▶ _Assigned task_: Please give back only the lines below from the one containing "Veste courte noire" to the one containing "Power Play - Multicolour", each repeated word for word, both ends included.

▶ _Records to process_:
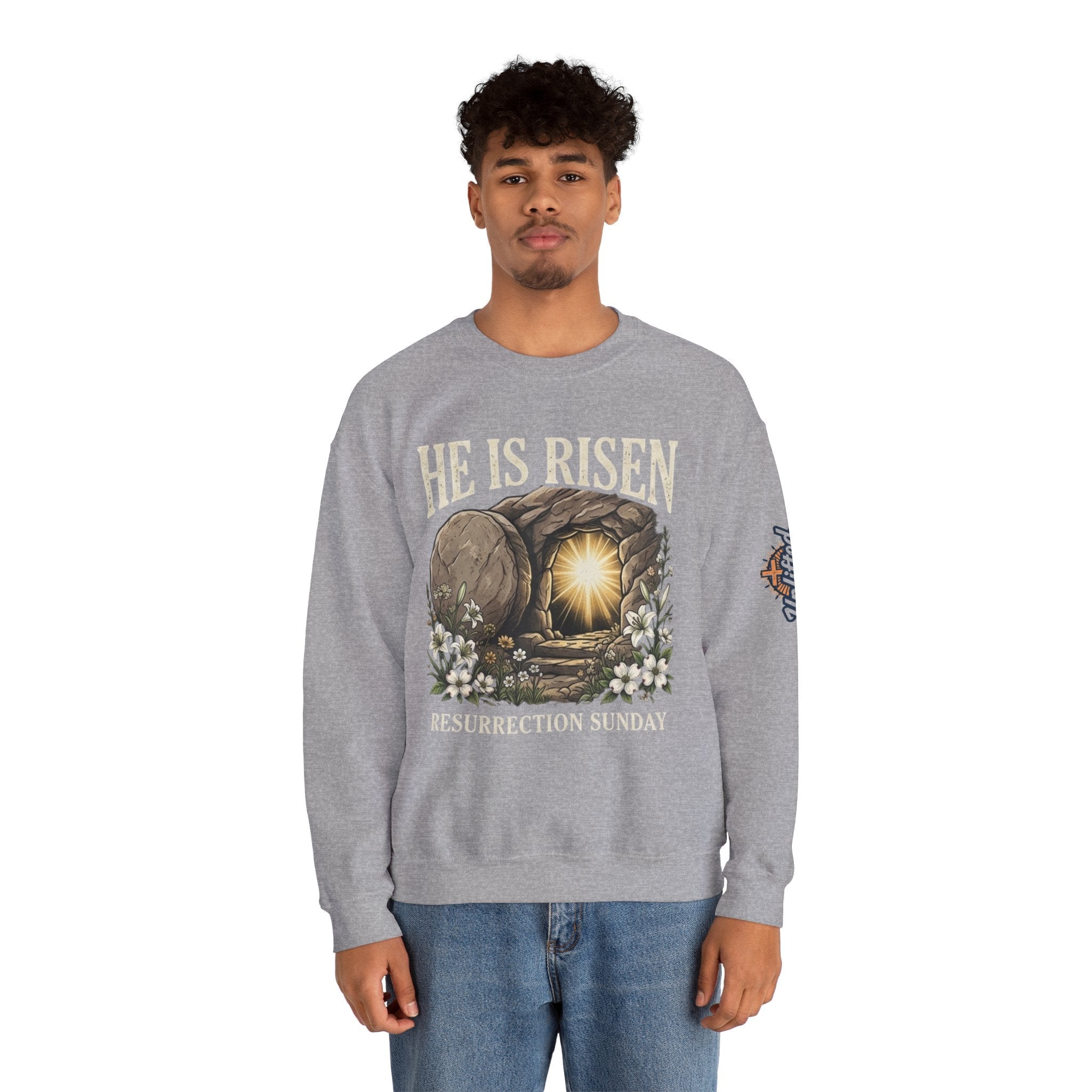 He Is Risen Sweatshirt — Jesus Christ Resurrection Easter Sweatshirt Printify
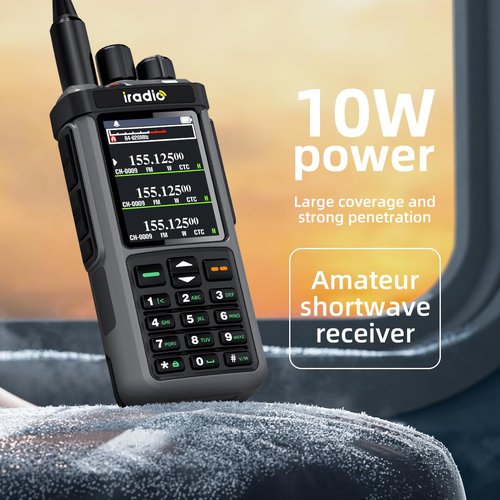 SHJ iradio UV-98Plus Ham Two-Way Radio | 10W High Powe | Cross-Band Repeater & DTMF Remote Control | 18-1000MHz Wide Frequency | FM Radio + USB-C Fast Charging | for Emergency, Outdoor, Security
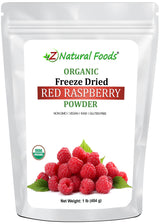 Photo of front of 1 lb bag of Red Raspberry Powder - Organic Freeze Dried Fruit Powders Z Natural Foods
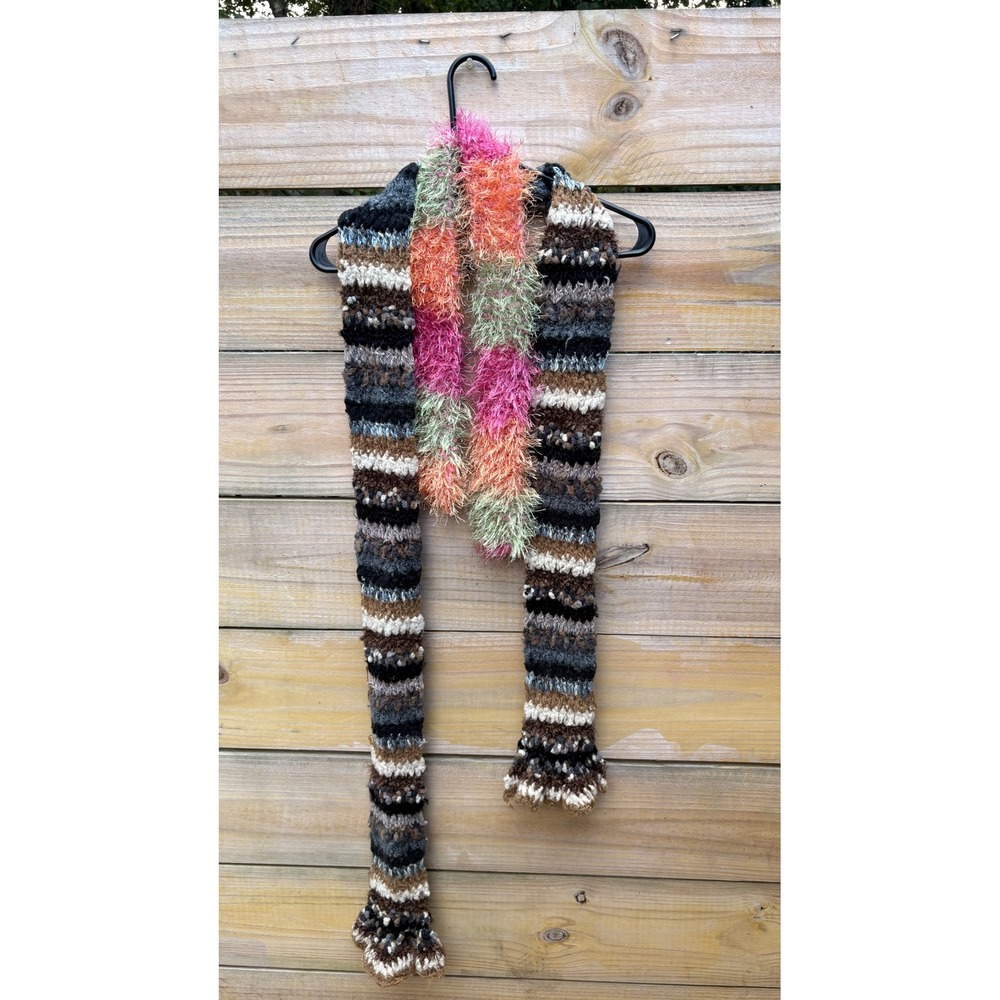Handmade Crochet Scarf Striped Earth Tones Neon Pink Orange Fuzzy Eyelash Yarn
==
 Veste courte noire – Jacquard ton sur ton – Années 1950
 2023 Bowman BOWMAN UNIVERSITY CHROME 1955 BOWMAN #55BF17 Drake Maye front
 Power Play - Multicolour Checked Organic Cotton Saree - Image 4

▶ _Solution_:
 Veste courte noire – Jacquard ton sur ton – Années 1950
 2023 Bowman BOWMAN UNIVERSITY CHROME 1955 BOWMAN #55BF17 Drake Maye front
 Power Play - Multicolour Checked Organic Cotton Saree - Image 4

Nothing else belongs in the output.